* Records shown
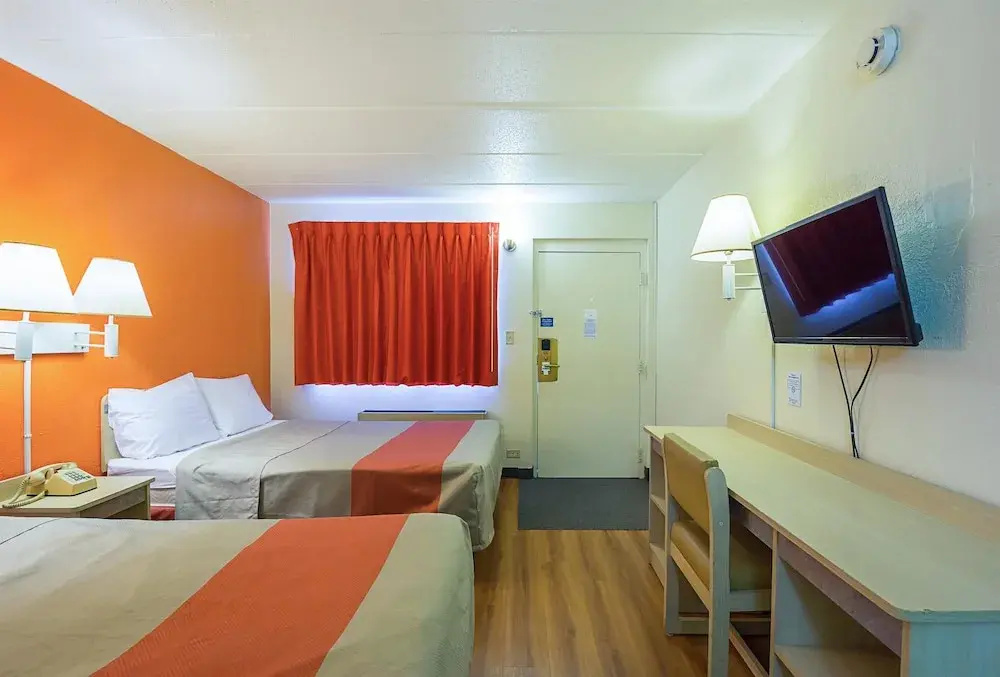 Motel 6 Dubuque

==

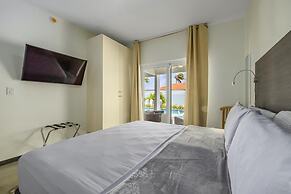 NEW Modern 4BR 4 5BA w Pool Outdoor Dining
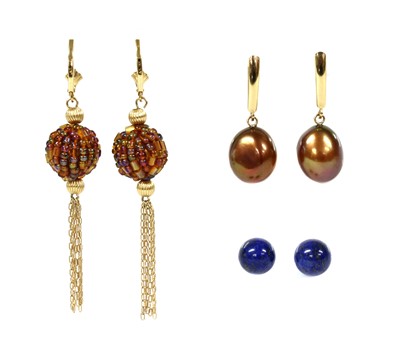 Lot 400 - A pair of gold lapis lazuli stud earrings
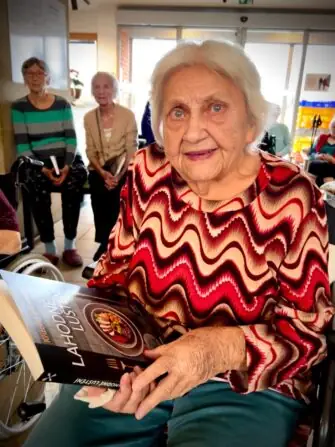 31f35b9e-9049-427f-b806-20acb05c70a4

--

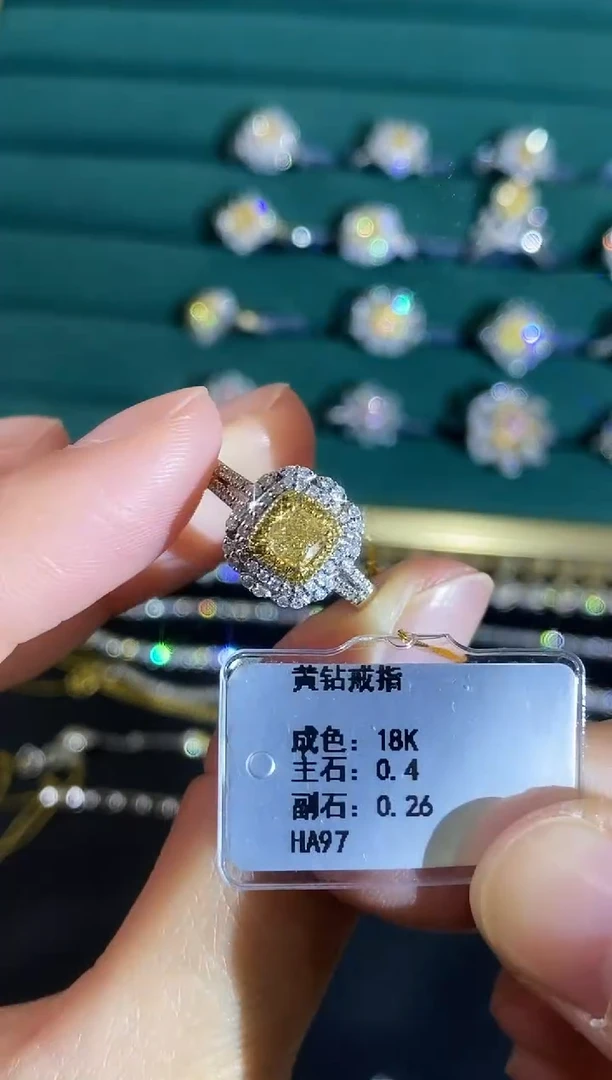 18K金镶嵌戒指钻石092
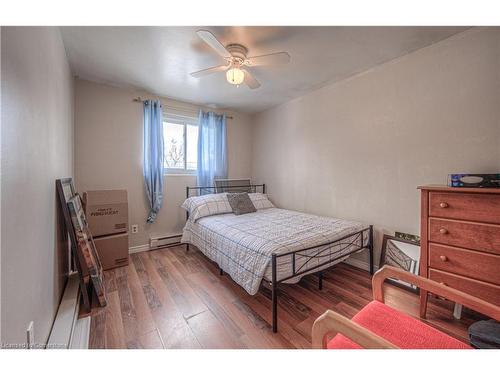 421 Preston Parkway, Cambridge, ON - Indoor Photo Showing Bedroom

* Instructions for the task
Beginning with the line above that contains "NEW Modern 4BR 4 5BA w Pool Outdoor Dining" and finishing with the line that contains "31f35b9e-9049-427f-b806-20acb05c70a4", print those lines exactly and only. Skip all pictures.

* Problem solution
 NEW Modern 4BR 4 5BA w Pool Outdoor Dining
 Lot 400 - A pair of gold lapis lazuli stud earrings
 31f35b9e-9049-427f-b806-20acb05c70a4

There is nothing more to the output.